E há outras liberdades de que os chineses gozam e estão ausentes em muitos países democráticos. Caso da segurança pública incomparavelmente melhor que a do Brasil. “Essa é uma diferença real. Toda vez que estou no metrô de Xangai e vejo uma mulher ocidental agarrada em sua bolsa, sei de cara que ela é brasileira”, conta Ling.
Os chineses também podem encontrar bolsões de liberdade na internet, apesar de toda a censura estatal. “Posts com conteúdo sensível são tirados do ar em questão de minutos. Se for um usuário com muitos seguidores ou um passado de ativismo, há o risco de prisão”, explica o ativista digital que usa o pseudônimo de Percy Alpha e é cofundador da GreatFire.org – grupo que monitora sites e termos de busca bloqueados na internet chinesa.
Contudo, com 650 milhões de internautas, dos quais mais de 300 milhões são ativos em blogs e microblogs, a dificuldade em controlar tudo o tempo todo é evidente. Foi o que aconteceu em julho de 2011 quando dois trens de alta velocidade colidiram na cidade de Wenzhou, matando 40 pessoas. Embora o primeiro instinto do governo tenha sido acobertar o acontecimento, a revolta em torno do caso foi o bastante para romper a barreira de silêncio. “O governo nunca pretendeu que poderia paralisar totalmente a discussão política”, opina Alpha.
Bloqueada ou não, a internet tem se tornado o cimento de uma geração que quer transformar a China tão intensamente quanto sua predecessora.

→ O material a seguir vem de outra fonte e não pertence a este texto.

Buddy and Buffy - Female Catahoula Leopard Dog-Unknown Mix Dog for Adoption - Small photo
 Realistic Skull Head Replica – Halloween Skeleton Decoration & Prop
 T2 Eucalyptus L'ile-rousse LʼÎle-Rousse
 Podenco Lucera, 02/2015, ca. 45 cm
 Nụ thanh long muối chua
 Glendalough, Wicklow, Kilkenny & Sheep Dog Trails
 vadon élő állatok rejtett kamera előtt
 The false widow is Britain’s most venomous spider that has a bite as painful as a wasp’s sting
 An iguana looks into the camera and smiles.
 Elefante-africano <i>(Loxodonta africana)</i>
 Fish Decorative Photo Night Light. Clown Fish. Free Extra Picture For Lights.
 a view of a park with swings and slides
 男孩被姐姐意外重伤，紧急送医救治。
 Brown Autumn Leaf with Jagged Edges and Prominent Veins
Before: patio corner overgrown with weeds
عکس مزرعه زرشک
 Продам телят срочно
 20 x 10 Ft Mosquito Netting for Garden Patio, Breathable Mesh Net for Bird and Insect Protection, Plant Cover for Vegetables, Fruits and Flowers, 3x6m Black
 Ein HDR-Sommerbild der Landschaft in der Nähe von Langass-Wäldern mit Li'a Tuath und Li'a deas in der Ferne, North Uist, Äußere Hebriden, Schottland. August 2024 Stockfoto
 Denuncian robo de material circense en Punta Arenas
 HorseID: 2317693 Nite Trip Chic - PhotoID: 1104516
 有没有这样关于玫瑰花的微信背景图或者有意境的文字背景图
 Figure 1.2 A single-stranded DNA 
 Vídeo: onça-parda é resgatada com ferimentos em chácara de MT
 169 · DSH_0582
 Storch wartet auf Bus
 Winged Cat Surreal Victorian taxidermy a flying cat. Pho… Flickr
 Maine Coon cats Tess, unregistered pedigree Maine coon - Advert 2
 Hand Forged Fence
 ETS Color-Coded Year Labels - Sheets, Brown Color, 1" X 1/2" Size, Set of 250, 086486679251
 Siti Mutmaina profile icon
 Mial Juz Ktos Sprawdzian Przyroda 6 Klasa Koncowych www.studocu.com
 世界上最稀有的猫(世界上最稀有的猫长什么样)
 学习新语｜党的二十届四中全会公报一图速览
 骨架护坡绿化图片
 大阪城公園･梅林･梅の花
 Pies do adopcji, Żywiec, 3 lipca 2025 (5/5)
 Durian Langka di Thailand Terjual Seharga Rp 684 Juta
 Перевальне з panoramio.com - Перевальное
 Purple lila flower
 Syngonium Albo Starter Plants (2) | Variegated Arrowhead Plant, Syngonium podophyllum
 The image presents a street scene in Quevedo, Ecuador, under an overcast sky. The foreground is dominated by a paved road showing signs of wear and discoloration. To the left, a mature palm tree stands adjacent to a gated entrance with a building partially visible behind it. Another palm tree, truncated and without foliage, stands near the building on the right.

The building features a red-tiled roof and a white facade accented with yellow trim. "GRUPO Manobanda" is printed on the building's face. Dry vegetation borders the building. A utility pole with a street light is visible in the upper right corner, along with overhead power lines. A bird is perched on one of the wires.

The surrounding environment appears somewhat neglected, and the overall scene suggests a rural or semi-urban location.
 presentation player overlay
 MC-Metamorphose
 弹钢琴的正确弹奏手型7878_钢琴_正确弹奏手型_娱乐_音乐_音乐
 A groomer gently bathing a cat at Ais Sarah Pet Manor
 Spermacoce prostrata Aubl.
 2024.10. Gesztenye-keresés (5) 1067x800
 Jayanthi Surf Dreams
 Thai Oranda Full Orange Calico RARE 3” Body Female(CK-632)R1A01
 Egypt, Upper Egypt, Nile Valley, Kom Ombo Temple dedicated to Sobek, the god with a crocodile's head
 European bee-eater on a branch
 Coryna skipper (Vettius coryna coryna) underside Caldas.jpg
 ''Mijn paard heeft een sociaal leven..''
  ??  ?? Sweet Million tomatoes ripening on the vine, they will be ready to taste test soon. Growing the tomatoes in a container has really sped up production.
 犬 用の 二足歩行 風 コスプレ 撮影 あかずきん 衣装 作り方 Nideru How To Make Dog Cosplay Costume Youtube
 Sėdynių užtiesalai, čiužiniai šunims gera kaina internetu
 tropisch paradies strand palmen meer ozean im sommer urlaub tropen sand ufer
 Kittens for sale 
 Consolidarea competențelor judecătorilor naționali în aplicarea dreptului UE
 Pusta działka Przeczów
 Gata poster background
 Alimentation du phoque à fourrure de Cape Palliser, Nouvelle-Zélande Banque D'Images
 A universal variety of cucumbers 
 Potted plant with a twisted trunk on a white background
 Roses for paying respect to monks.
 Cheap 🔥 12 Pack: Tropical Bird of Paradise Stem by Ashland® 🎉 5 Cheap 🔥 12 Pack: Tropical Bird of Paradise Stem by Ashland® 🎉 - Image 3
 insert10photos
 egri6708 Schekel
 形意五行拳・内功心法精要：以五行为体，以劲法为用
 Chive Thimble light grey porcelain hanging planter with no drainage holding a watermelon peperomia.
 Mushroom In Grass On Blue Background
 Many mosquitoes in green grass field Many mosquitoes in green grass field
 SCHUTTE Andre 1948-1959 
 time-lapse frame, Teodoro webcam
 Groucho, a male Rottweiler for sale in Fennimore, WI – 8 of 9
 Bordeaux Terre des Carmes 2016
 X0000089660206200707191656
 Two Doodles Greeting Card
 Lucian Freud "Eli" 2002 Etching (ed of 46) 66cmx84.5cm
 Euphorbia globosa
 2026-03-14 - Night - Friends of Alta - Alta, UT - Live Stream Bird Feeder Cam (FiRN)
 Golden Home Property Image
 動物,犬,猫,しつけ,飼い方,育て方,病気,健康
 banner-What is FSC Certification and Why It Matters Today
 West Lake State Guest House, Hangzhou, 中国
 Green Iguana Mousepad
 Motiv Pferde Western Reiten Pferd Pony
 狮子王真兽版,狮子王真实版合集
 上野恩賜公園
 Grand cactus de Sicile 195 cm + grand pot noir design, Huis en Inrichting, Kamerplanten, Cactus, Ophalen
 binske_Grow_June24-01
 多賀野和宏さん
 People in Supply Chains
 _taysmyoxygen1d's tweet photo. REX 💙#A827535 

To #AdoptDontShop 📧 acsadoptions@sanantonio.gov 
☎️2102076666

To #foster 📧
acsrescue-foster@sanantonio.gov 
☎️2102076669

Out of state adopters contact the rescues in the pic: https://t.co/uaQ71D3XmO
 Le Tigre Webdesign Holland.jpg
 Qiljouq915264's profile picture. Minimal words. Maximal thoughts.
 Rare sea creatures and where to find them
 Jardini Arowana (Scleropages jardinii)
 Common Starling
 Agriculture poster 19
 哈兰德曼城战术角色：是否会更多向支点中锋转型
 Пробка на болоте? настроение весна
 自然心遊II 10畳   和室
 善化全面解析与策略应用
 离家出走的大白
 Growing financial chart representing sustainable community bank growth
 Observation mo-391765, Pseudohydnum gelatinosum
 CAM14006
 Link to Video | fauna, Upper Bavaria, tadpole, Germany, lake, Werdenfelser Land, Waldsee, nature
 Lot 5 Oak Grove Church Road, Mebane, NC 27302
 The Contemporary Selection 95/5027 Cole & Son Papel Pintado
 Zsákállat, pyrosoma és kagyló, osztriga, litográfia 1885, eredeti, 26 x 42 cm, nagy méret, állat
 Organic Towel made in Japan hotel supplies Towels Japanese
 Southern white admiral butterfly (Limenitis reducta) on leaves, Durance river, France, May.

Segundo o cofundador da revista digital Neocha Edge – que destaca novos artistas e a indústria criativa do país –, Sean Leow, há um crescente desconforto entre os membros da geração que foi criada durante os anos 1980 e, portanto, acompanhou o processo de ascensão político econômico do país de que a imagem da China não passa de um enorme celeiro industrial onde o Ocidente pode fabricar produtos baratos.
O que muitos desses “criativos”, como Leow os chama, estão fazendo é remixar elementos da cultura tradicional com influências de fora. “O que estamos tentando fazer é pegar os pedaços [da cultura tradicional chinesa] e as influências modernas que temos agora para criar uma cultura criativa que a China possa chamar de sua”, resume.
Essa nova geração chega em um momento crucial em que a China começa a pensar qual
será seu próximo passo. Ir do mero industrialismo rumo a uma economia mais inovadora e criativa foi, justamente, um dos focos da 3ª Plenária do Congresso do Partido Comunista. “O documento final listou mais de 60 reformas econômicas, cujo principal objetivo seria promover essa transição. Certamente esse vai ser um processo difícil para eles, mas o governo tem clareza de que há essa necessidade”, avalia Nee.
Tom Dwyer parece ter poucas dúvidas de que, no fim, eles vão se sair bem. “Os chineses sempre foram muito pragmáticos. Eles olham para suas raízes e tradições, mas sabem que elas não são suficientes em um mundo que é muito maior do que aquilo que eles conhecem desde sempre”, encerra.